Recorded information
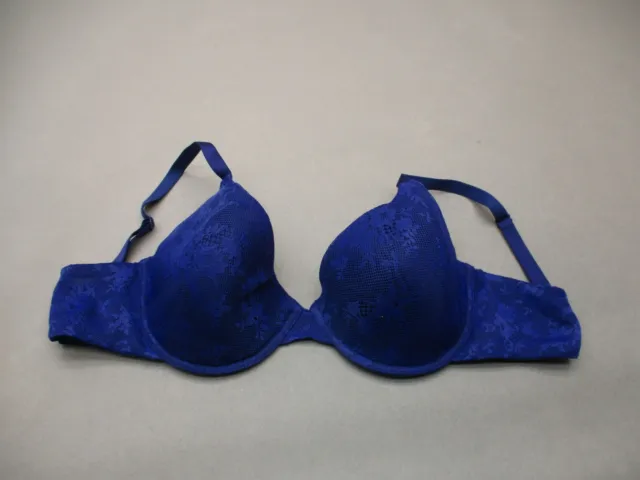 36DD GILLIGAN&OMALLEY Womens Blue Lace Lined Underwire Back Closure Demi Bra 8M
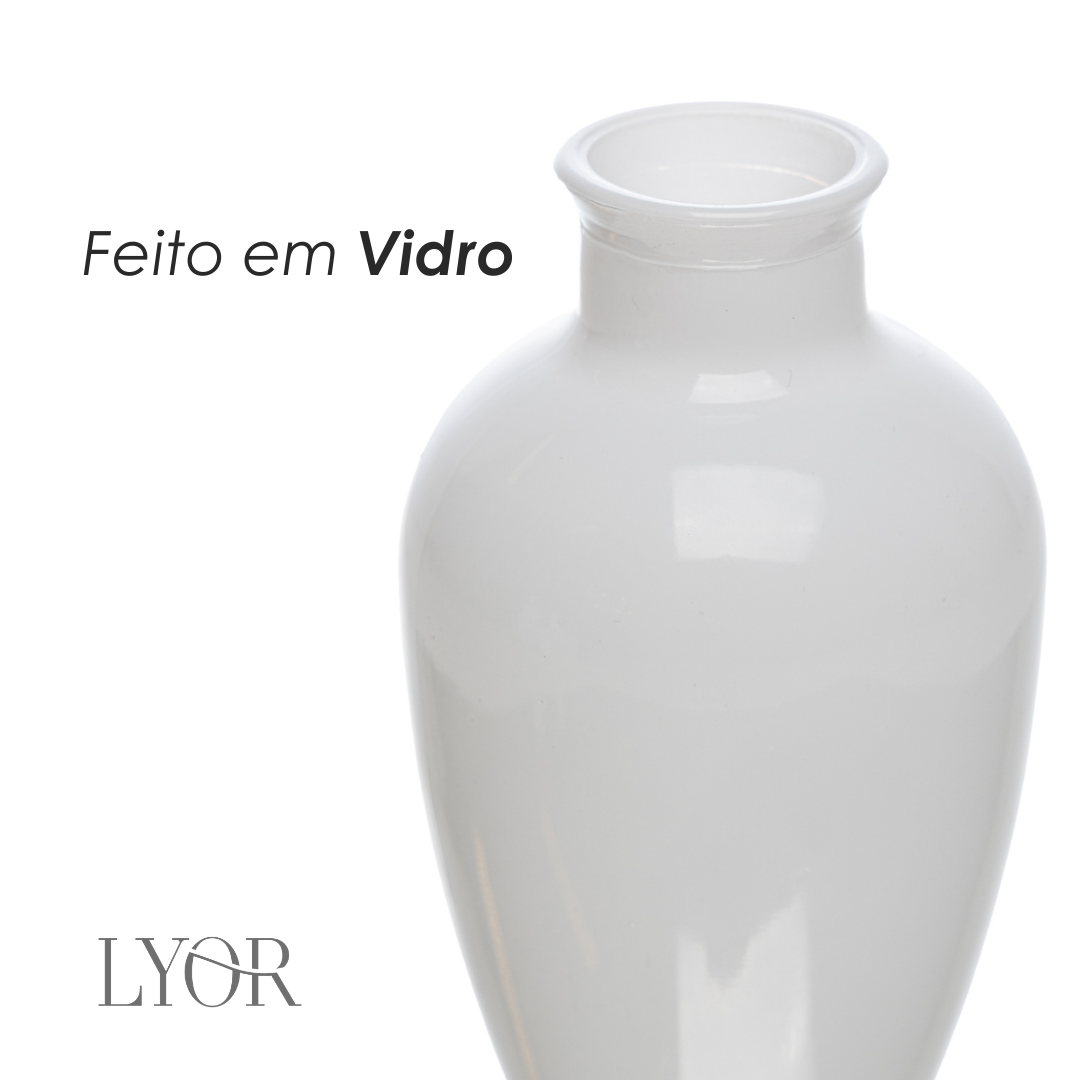 Vaso Dália 13cm x 7cm Branco Vidro - Lyor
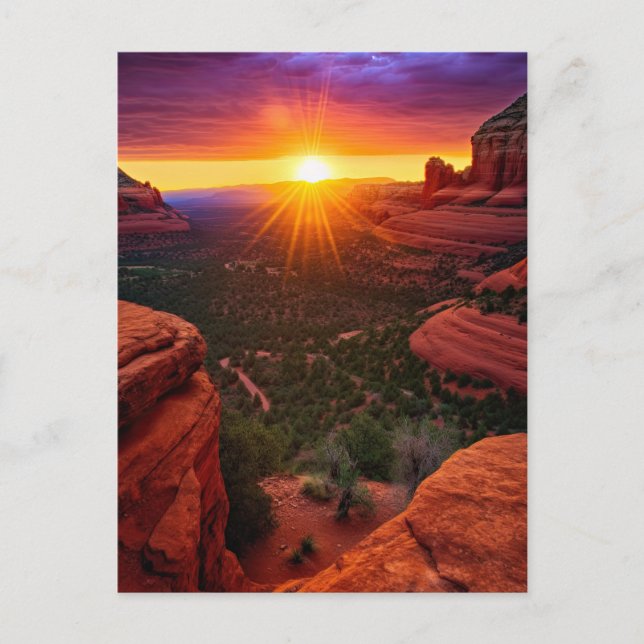 Cartão Postal Arizona Vermelha Sedona Rocha Natureza Bonita Suns (Frente)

Try it
Word for word, copy every line of the data, excluding any pictures.

Exercise response
 36DD GILLIGAN&OMALLEY Womens Blue Lace Lined Underwire Back Closure Demi Bra 8M
 Vaso Dália 13cm x 7cm Branco Vidro - Lyor
 Cartão Postal Arizona Vermelha Sedona Rocha Natureza Bonita Suns (Frente)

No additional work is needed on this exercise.